WORK REQUEST >>
Please repeat exactly the lines from the one containing "2025 Autumn Men" through the last line of the records below, leaving out any pictures.
------------------------
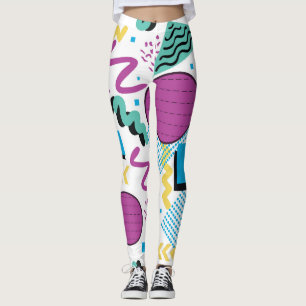 Legging Quirky Memphis Pastel Design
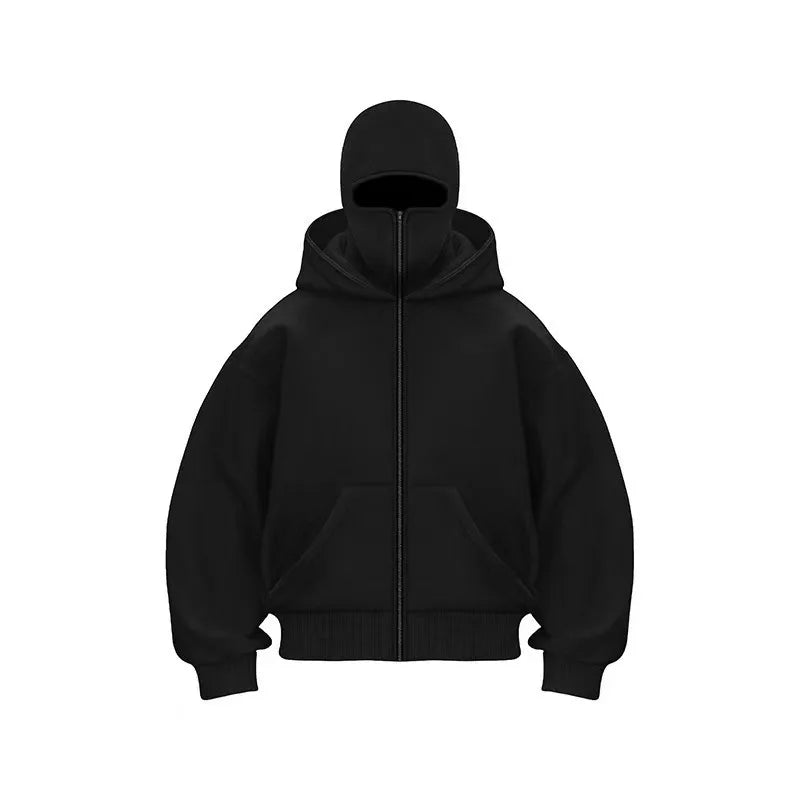 2025 Autumn Men Balaclava Y2K Gothic Harajuku Winter New Item Double Hooded Sweatshirt Men's Hooded Mask Zipper Sportswear Women - The Discount Plug
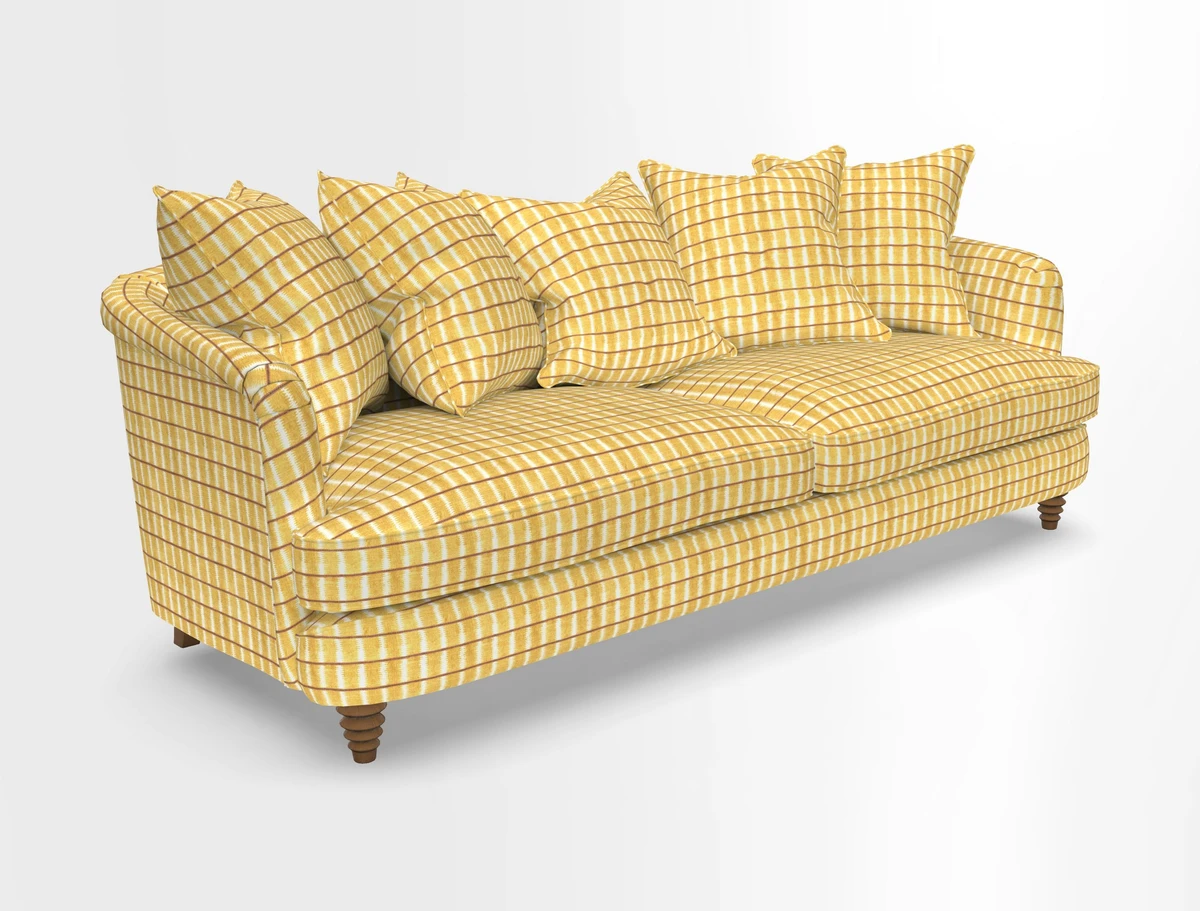 Helmsley Sofa in Mohair Velvet Fir Green with Seat and Back Cushions in RHS Collection Trailing Vine Olive and Small Trailing Ivy Olive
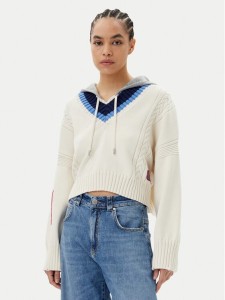 PINKO Sweter Breithorn Maglia 104621 Écru Relaxed Fit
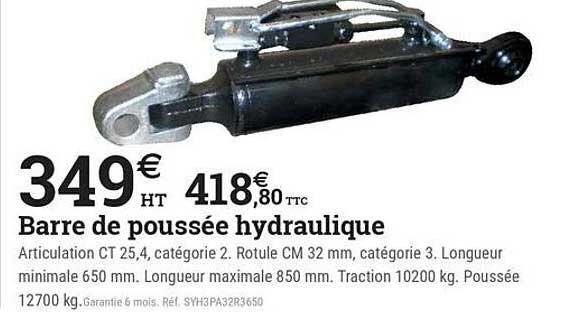 Barre de poussée hydraulique
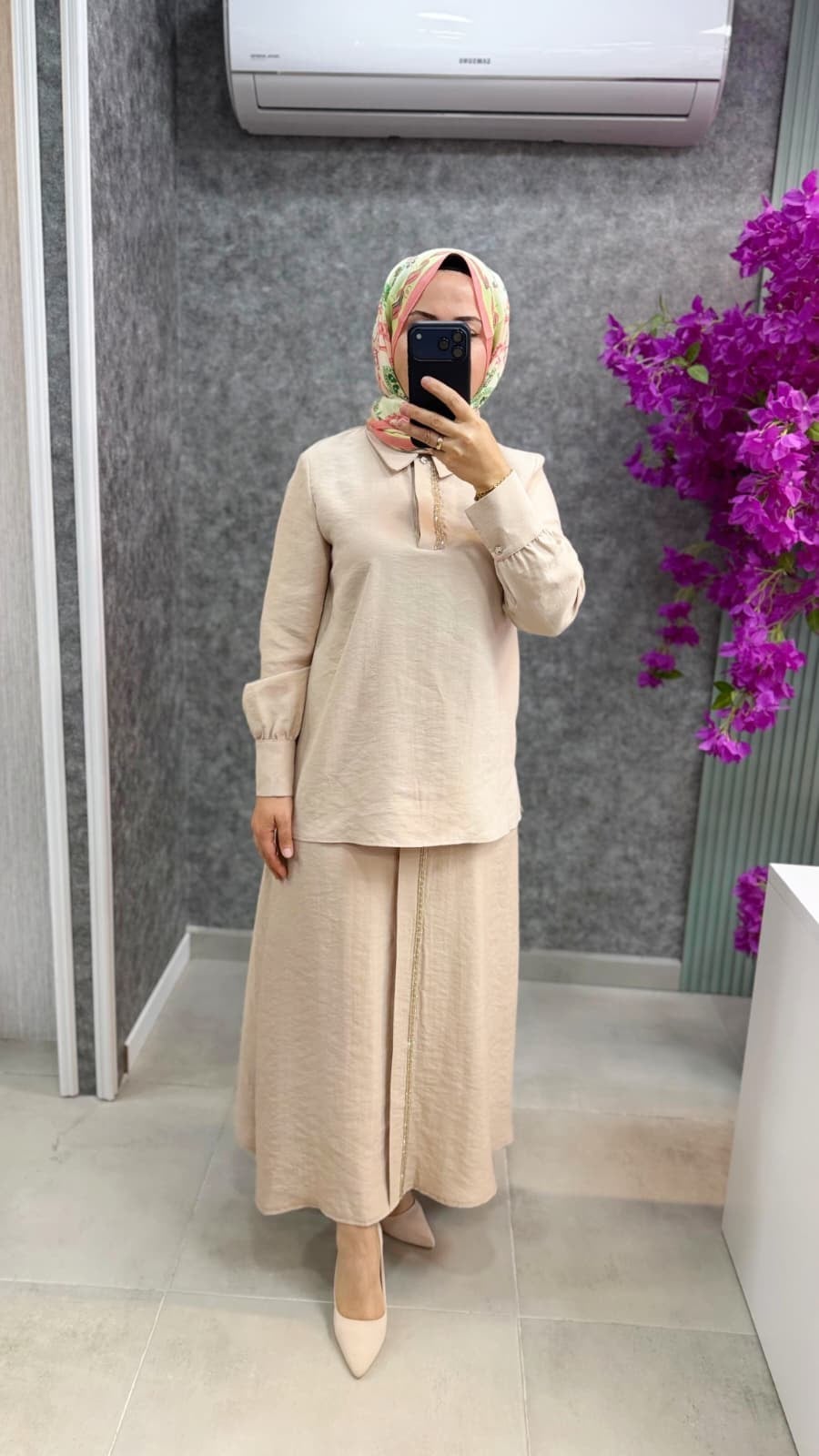 3148P Pureva tencel tunik etek takım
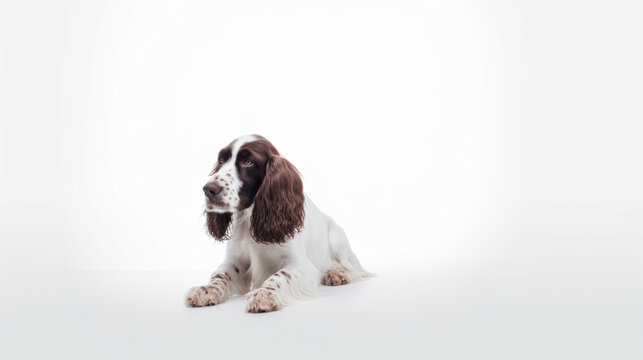 animal on the white Background english spriger spaniel generative ai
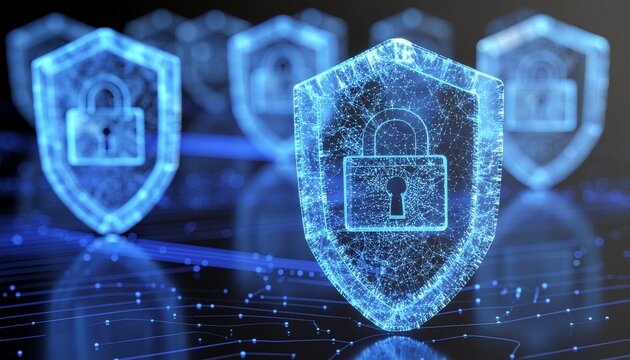 Digital Security Shields: A collection of glowing, digitized shields, each emblazoned with a secure lock icon, symbolize digital security and online protection, against potential cyber threats.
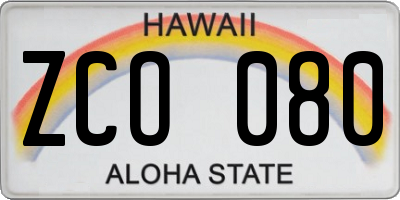 HI license plate ZCO080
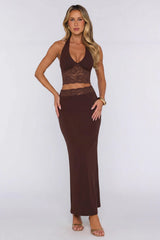 Style That Stays Halter Lace Crop Top Brown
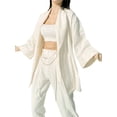 thumbnail image 3 of Franhais Women's Leisure  Loungewear Sets Fashion Loose Long Sleeve Lapel Tops + Solid Color Drawstring Pants 2PCS, 3 of 9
------------------------
RESPONSE TO THE EXERCISE >>
 2025 Autumn Men Balaclava Y2K Gothic Harajuku Winter New Item Double Hooded Sweatshirt Men's Hooded Mask Zipper Sportswear Women - The Discount Plug
 Helmsley Sofa in Mohair Velvet Fir Green with Seat and Back Cushions in RHS Collection Trailing Vine Olive and Small Trailing Ivy Olive
 PINKO Sweter Breithorn Maglia 104621 Écru Relaxed Fit
 Barre de poussée hydraulique
 3148P Pureva tencel tunik etek takım
 animal on the white Background english spriger spaniel generative ai
 Digital Security Shields: A collection of glowing, digitized shields, each emblazoned with a secure lock icon, symbolize digital security and online protection, against potential cyber threats.
 HI license plate ZCO080
 Style That Stays Halter Lace Crop Top Brown
 thumbnail image 3 of Franhais Women's Leisure  Loungewear Sets Fashion Loose Long Sleeve Lapel Tops + Solid Color Drawstring Pants 2PCS, 3 of 9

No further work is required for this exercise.